Generic Map, Filter and Reduce in Go

Implementing higher-order functions in Go using generics

Jul 26, 2022

∙ Paid

With generics, it has suddenly becomes much easier to add support for higher-order functions such as Map, Filter and Reduce in Go. However, there is much disagreement around how these functions should be implemented.

I will claim part of the confusion stems from the fact that many Go developers come from Java and C# backgrounds. They have become heavily invested in the object-oriented programming mindset that dominates the programming communities of those languages. It leads to attempts to define Map, Filter and Reduce as methods.
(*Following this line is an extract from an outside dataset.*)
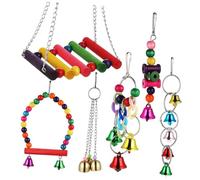 ifundom Perchoir pour Perruche avec Balançoire et Carillons Support Durable pour Cage Oiseaux Ensemble de Jouets Suspendus pour Perroquets et Oiseaux Ondulées Installation Facile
Let us look at once such failed attempt, adding Reduce as a method to a custom collection type Array.

package main

import "fmt"

type Array[V any] struct {
	elements []V
}

type Reducer[T, V any] func(accum T, value V) T

func (xs Array[V]) Reduce[T any](f Reducer[T, V]) T {
	var accum T
	for _, x := range xs.elements {
		accum = f(accum, x)
	}
	return accum
}

func adder(accum, x int) int {
	return accum + x
}

func main() {
	numbers := Array{[]int{1, 2, 3, 4, 5}}
	total := numbers.Reduce(adder)

	fmt.Println(total)
}

The program will fail to compile with the error message:

reducer.go:11:26: syntax error: method must have no type parameters

The reason is that we are introducing a type parameter T on the Reducemethod. Go does not allow you to introduce new type parameters to a method. You have to use type parameters defined on your collection, such as V. A possible solution is to add an extra type parameter T to the definition of the Array parametric type.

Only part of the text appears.